Source Code Reference

src.language.utils

The NIAID Stats Calculator supports I18n internationalization. It currently provides English and Spanish translations. The translation files are stored in the locales folder.

setLocale(locale)

Sets the locale to use for the language service.

Arguments
  • locale (String) – the device locale or default

getCurrentLocale()

Retrieves the device locale. Will be used to define intial language state in reducer.

isRTL()

Is it a right-to-left (RTL) language?

translateHeaderText()

translateHeaderText: screenProps => coming from react-navigation (defined in app.container.js) langKey => will be passed from the routes file depending on the screen.(We will explain the usage later int the coming topics)

src.components

The React Native components that comprise the views in the application.

src.components.Navigation

The Navigation component that defines the top NavBar.
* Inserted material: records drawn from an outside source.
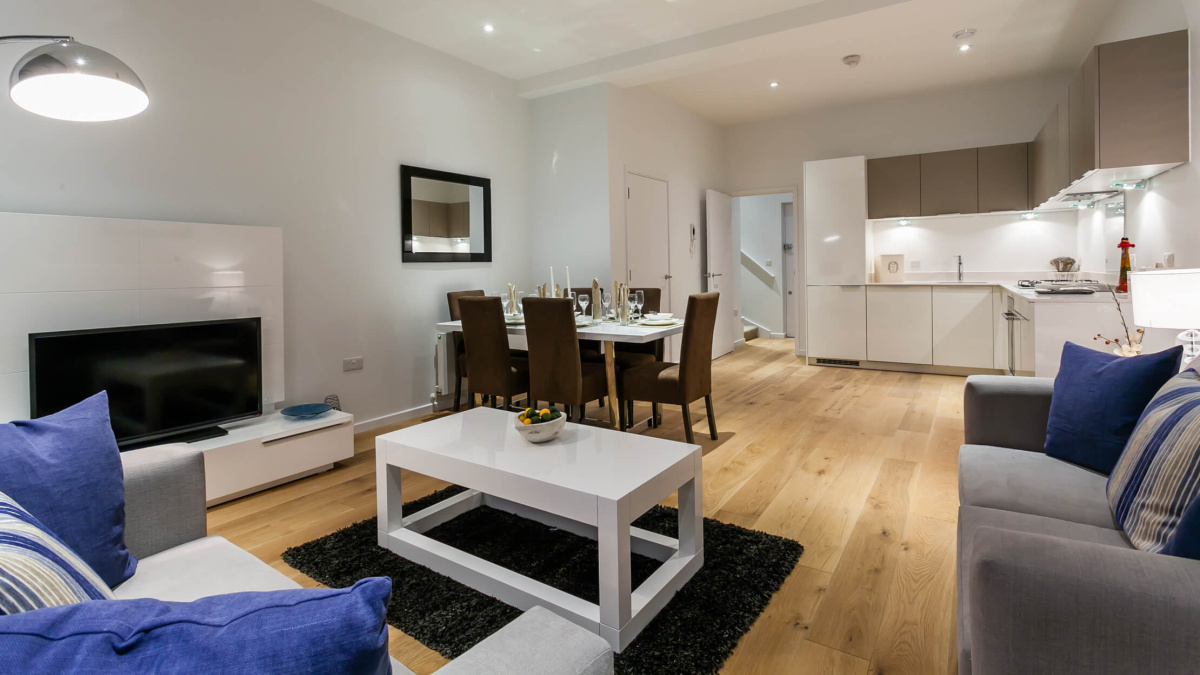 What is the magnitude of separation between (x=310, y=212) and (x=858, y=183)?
5114mm

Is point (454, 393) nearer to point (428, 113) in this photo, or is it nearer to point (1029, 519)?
point (428, 113)

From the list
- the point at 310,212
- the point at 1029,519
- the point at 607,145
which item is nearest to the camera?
the point at 1029,519

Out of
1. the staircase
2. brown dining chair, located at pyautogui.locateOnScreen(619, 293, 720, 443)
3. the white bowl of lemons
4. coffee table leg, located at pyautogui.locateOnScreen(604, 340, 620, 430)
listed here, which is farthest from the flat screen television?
the staircase

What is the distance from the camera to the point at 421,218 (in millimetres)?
4441

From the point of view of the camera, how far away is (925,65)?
17.1 ft

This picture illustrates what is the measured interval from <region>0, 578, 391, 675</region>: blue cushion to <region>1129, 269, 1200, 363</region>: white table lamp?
2505mm

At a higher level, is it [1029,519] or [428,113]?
[428,113]

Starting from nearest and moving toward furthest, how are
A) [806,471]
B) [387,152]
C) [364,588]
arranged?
[364,588] → [806,471] → [387,152]

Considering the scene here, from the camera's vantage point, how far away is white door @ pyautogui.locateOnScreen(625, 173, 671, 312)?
5.39m

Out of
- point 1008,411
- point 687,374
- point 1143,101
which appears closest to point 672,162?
point 687,374

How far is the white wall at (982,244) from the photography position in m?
5.66

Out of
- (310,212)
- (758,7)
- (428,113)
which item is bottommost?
(310,212)

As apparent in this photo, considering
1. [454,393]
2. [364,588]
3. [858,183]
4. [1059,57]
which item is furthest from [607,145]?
[364,588]

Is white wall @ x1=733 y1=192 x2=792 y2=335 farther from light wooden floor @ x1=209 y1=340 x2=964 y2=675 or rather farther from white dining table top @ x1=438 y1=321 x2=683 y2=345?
white dining table top @ x1=438 y1=321 x2=683 y2=345
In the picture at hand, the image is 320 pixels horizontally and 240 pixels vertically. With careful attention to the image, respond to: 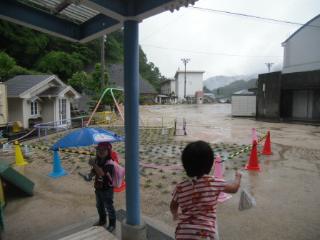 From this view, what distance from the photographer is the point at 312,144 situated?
13031 millimetres

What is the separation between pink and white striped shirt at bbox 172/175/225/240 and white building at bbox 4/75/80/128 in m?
14.0

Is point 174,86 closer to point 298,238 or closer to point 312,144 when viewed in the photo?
point 312,144

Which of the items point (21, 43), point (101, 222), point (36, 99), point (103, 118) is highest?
point (21, 43)

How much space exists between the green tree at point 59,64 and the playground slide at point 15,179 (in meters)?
27.6

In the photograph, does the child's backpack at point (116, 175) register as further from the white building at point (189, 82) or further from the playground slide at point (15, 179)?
the white building at point (189, 82)

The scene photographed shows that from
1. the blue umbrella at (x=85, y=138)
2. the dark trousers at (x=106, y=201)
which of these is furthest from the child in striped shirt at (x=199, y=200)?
the blue umbrella at (x=85, y=138)

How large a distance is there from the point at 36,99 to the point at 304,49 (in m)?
24.2

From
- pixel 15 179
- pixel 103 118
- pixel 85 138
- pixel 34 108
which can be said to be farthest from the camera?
pixel 103 118

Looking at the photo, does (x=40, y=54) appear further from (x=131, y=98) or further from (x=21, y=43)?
(x=131, y=98)

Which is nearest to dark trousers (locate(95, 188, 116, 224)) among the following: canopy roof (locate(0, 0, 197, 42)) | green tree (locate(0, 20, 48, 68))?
canopy roof (locate(0, 0, 197, 42))

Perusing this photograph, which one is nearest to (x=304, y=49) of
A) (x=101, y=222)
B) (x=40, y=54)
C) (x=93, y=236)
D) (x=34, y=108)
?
(x=34, y=108)

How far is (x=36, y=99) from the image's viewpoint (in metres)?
17.0

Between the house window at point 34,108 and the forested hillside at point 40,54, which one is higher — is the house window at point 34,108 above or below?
below

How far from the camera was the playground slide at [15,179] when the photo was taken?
17.7 feet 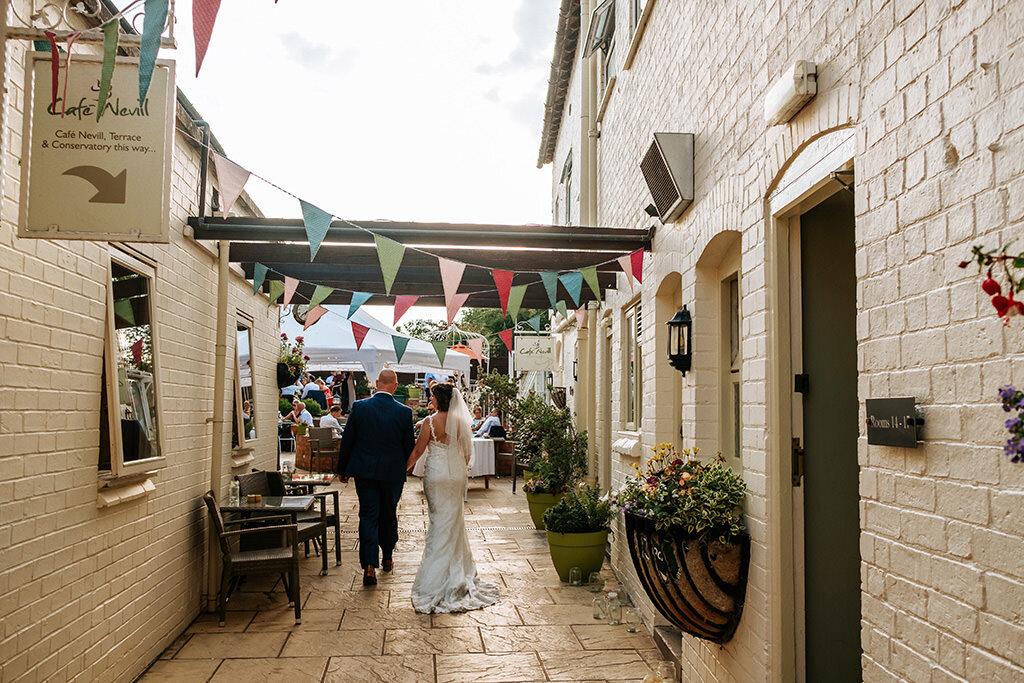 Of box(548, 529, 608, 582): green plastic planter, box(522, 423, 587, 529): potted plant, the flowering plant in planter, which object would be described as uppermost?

src.components.ResultsContainer

The component that will display the results of the equations.

src.components.fishersExact

The components that define the input form area and input form for the Fishers Exact Test.

src.components.fishersExact.FishersInputForm

The component that defines the input form for the Fishers Exact Test.

src.components.studentT

The components that define the input form area and input form for the Fishers Exact Test.

src.components.studentT.StudentTInputForm

The component that defines the input form for the Student’s t-test.

src.lib

The JavaScript code that does all of the math and related heavy lifting lives here.

src.lib.utils

A utilities file containing generic functions used by the stats package. It exports asVector and toScientific.

flattenArray(data, outputArray)

Flattens a multidimensional array or a primitive into an array.

Arguments
  • data (any) – the data to attempt to flatten

  • outputArray (Array) – the array to flatten the data into, because arrays are pass by reference, the array object will be updated directly, no return is necessary.

asVector(x)

Returns input as an Array if possible or in it’s original format otherwise. Returns undefined if input is of type Symbol. Mimicking R internals.

Arguments
  • x (*) – the thing to convert

Returns

Array|Object – an array if the input is convertible, otherwise returns the input or undefined if the input was typeof ‘symbol’

round(value, decimals)

Rounds a number to the specified number of decimal points. Note that the built in toFixed() function has known errors when rounding and returns a string, not a number.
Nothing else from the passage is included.